My 36th birthday was on Thursday and I'm back to counting. Instead of counting towards the big 4-0, I'm counting away from the big C. I was diagnosed at the age of 33 with Ovarian Cancer, six weeks before my 34th Birthday. So this is officially my 3rd birthday after diagnosis. Never in a million years would I have guessed that this would be my life at 36. The best thing about life at 36 is that I'm aware and more thankful and grateful for every day I have here on earth. For the people who surround me and love me for who I am. Sometimes I sit and watch people who supposedly have it all. The husband, house, kids, dream job & car. I watch in amazement as these same people still find something to complain about. How is that possible?

Earlier today I caught a little bit of "Extreme Home Makeover"...you know the one that no matter how hard you try, you can't watch with out shedding enough tears to remove a drought.

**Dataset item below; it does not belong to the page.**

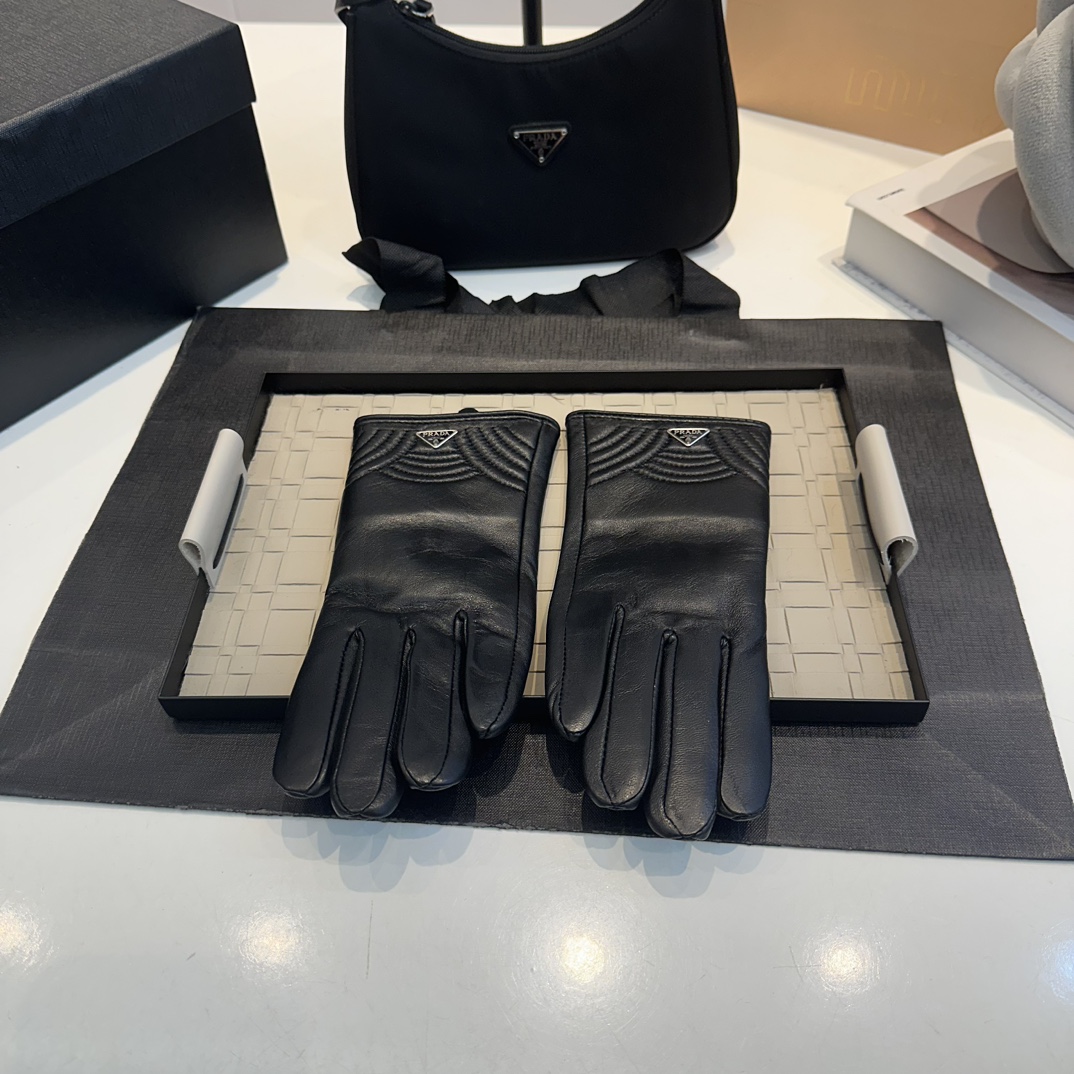 P sheepskin gloves, fashionable gloves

A little girl had been writing the show forever, begging for help for her family of 7 who were forced to leave their home and live in a hotel room because of toxins that were found in their home. She prayed and she prayed, and at times she wanted to give up. She told her mom that part of her felt that God just didn't care about them.

I understand her , probably more than someone who hasn't experienced a loss or traumatic event. Every year that I'm blessed with another birthday I'm reminded that no matter what, we have to stay faithful and positive. We have to stay committed to our journey and the road we are traveling. No it's not easy, but what is? I still have my moments of despair, but that's okay. I may not have everything I want in life, but I have everything I need.